Excerpts from a dataset
# # # # # # #
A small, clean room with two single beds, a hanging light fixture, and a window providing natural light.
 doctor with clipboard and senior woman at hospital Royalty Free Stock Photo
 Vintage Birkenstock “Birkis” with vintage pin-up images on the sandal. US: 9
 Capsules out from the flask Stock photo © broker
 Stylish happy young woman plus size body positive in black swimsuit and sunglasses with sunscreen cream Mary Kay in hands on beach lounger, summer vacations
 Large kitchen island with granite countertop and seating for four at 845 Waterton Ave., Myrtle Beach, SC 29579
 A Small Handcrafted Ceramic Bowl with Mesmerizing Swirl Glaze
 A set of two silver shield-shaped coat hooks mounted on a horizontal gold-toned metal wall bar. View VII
# # # # # # #
Task brief — Lines from the top of the entries above to the line that contains "Capsules out from" should be set down exactly, please, with both ends kept and nothing added.

Exercise output —
A small, clean room with two single beds, a hanging light fixture, and a window providing natural light.
 doctor with clipboard and senior woman at hospital Royalty Free Stock Photo
 Vintage Birkenstock “Birkis” with vintage pin-up images on the sandal. US: 9
 Capsules out from the flask Stock photo © broker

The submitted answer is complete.